#### PROVIDED INFORMATION ####

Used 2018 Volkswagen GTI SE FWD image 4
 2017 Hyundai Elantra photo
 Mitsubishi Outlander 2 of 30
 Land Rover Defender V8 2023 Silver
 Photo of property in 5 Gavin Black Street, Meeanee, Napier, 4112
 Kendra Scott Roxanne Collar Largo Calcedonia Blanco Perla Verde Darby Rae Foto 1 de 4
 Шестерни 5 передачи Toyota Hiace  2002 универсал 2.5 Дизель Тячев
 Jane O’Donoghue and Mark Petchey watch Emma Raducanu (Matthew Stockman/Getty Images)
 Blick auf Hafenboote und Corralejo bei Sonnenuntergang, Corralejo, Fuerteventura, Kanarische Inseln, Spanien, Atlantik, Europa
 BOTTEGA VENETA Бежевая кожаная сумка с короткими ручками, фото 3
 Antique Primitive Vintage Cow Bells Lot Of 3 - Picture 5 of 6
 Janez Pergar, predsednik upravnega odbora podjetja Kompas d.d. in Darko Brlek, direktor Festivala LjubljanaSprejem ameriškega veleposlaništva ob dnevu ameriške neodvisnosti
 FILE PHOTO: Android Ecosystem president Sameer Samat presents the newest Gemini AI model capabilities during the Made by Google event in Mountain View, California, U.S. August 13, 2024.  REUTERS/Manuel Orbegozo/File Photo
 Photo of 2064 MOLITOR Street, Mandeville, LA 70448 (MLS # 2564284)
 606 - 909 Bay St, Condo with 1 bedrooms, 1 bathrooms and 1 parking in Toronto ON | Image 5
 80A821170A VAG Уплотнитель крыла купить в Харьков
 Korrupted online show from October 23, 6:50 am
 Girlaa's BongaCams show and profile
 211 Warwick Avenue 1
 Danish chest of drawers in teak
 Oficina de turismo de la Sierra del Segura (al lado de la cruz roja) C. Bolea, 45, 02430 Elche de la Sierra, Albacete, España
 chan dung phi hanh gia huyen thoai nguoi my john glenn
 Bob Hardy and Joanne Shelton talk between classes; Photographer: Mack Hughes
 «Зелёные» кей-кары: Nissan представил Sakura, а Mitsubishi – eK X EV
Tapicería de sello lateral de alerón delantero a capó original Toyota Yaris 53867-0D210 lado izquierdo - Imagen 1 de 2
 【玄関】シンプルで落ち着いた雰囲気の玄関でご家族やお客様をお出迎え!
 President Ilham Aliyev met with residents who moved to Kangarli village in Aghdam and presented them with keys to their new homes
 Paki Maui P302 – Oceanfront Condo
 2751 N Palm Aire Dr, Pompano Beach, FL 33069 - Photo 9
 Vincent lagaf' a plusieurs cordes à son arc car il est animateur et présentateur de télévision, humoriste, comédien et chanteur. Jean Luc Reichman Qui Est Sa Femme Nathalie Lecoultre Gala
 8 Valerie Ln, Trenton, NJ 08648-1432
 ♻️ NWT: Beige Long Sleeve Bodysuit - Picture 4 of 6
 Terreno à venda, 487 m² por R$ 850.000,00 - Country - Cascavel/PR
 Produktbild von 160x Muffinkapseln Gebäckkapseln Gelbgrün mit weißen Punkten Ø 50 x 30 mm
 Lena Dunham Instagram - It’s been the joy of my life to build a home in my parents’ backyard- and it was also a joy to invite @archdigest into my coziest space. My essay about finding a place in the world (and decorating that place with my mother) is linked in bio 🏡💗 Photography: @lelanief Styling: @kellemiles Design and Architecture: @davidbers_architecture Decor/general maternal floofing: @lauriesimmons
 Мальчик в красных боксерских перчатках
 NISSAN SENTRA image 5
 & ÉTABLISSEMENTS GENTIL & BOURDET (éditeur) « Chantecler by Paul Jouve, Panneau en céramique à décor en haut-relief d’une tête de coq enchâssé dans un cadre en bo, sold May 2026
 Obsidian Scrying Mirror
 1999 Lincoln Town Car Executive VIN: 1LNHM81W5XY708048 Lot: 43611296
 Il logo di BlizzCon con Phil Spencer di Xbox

####

• WORK TO BE COMPLETED
Taking the records above, retype every line from the one with "FILE PHOTO: Android" down to the one with "2751 N Palm", exactly and with nothing else.

• REPLY
 FILE PHOTO: Android Ecosystem president Sameer Samat presents the newest Gemini AI model capabilities during the Made by Google event in Mountain View, California, U.S. August 13, 2024.  REUTERS/Manuel Orbegozo/File Photo
 Photo of 2064 MOLITOR Street, Mandeville, LA 70448 (MLS # 2564284)
 606 - 909 Bay St, Condo with 1 bedrooms, 1 bathrooms and 1 parking in Toronto ON | Image 5
 80A821170A VAG Уплотнитель крыла купить в Харьков
 Korrupted online show from October 23, 6:50 am
 Girlaa's BongaCams show and profile
 211 Warwick Avenue 1
 Danish chest of drawers in teak
 Oficina de turismo de la Sierra del Segura (al lado de la cruz roja) C. Bolea, 45, 02430 Elche de la Sierra, Albacete, España
 chan dung phi hanh gia huyen thoai nguoi my john glenn
 Bob Hardy and Joanne Shelton talk between classes; Photographer: Mack Hughes
 «Зелёные» кей-кары: Nissan представил Sakura, а Mitsubishi – eK X EV
Tapicería de sello lateral de alerón delantero a capó original Toyota Yaris 53867-0D210 lado izquierdo - Imagen 1 de 2
 【玄関】シンプルで落ち着いた雰囲気の玄関でご家族やお客様をお出迎え!
 President Ilham Aliyev met with residents who moved to Kangarli village in Aghdam and presented them with keys to their new homes
 Paki Maui P302 – Oceanfront Condo
 2751 N Palm Aire Dr, Pompano Beach, FL 33069 - Photo 9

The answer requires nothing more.